Unfortunately, this jaundiced view is a common malaise among the so-called intelligence community. I remember case of a foreign office colleague posted with me in London who was being denied legitimate promotion. When I made inquiries I was told that our ‘khufiaas’ had found him hob-knobbing with the Indians—though that was part of his duty as in-charge of India Desk. Poor chap was made a victim of inefficiency and misreporting by the intelligence. In one of my visits to Islamabad I took up case of his promotion and got it corrected.

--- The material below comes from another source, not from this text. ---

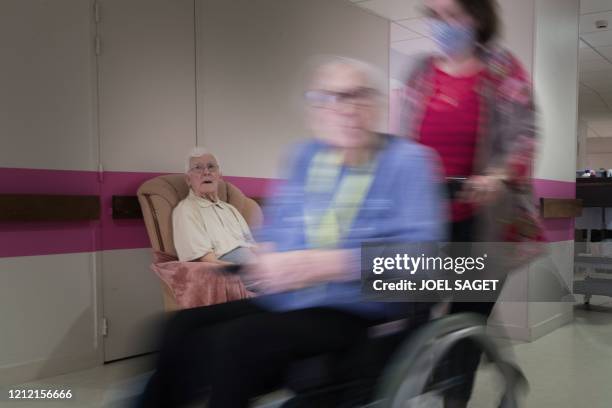 Resident leaves a room after doing activities at the Camille Saint-Saens EHPAD in Aulnay-sous-Bois, a Paris suburb, on May 6 on the 51st day of a...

After handing over the gloves General Durrani has been punching holes in the spy community by his vast and profound experience in understanding the relations between the two nations. As he himself says his vast and varied experience in Kashmir that made “their exchanges more useful and subsequently both jointly wrote papers on intelligence and Kashmir and had them published on public forums to be followed by more exchanges followed by Daulat’s proposal to write a book together.

The book, The Spy Chronicles: RAW, ISI and the Illusion of Peace, published by HarperCollins and launched in 2018 was highly commendable joint effort because it projected Pakistan’s regional policies in correct perspective. Its launch in Delhi was graced by former Prime Minister Man Mohan Singh, former vice-president Hamid Ansari; former Chief Minister Indian-held Kashmir Dr Farooq Abdullah; many ex- Union ministers; a national security advisor; two other former intelligence heads and a galaxy of the Indian intellectual elite. Pakistan should have given a Tamgha to General Durrani for getting approval of the main recommendation of the book: India to address the Kashmir issue in cooperation with Pakistan. While it did provoke quite a reaction in certain quarters in India, it ignited a crescendo of deafening hostility among the Jamaatis and the like minded much the way government has behaved by declaring General Durrani almost a collaborator and restricting his movement by putting him on the notorious Exit Control List (ECL).

Notwithstanding the contents of his books ‘Their objectivity’, as a lover of democracy my respect for General Durrani has gone up manifold ever since he dared to expose the dirty game of deceit indulged in by his army chief General Aslam Beg, late President Ghulam Ishaq Khan and their collaborator who plotted to over throw Prime Minister Benazir Bhutto’s government to the extent of providing millions in rupees to leaders opposing Bhutto government to fund the conspiracy. Gen Durrani’s affidavit in the Supreme Court and the subsequent judgement is a living testimony to the indictment of the then army chief, then president and whole lot of conspirators to up root democracy in Pakistan.

*Author if former High Commissioner of Pakistan to UK and a veteran journalist.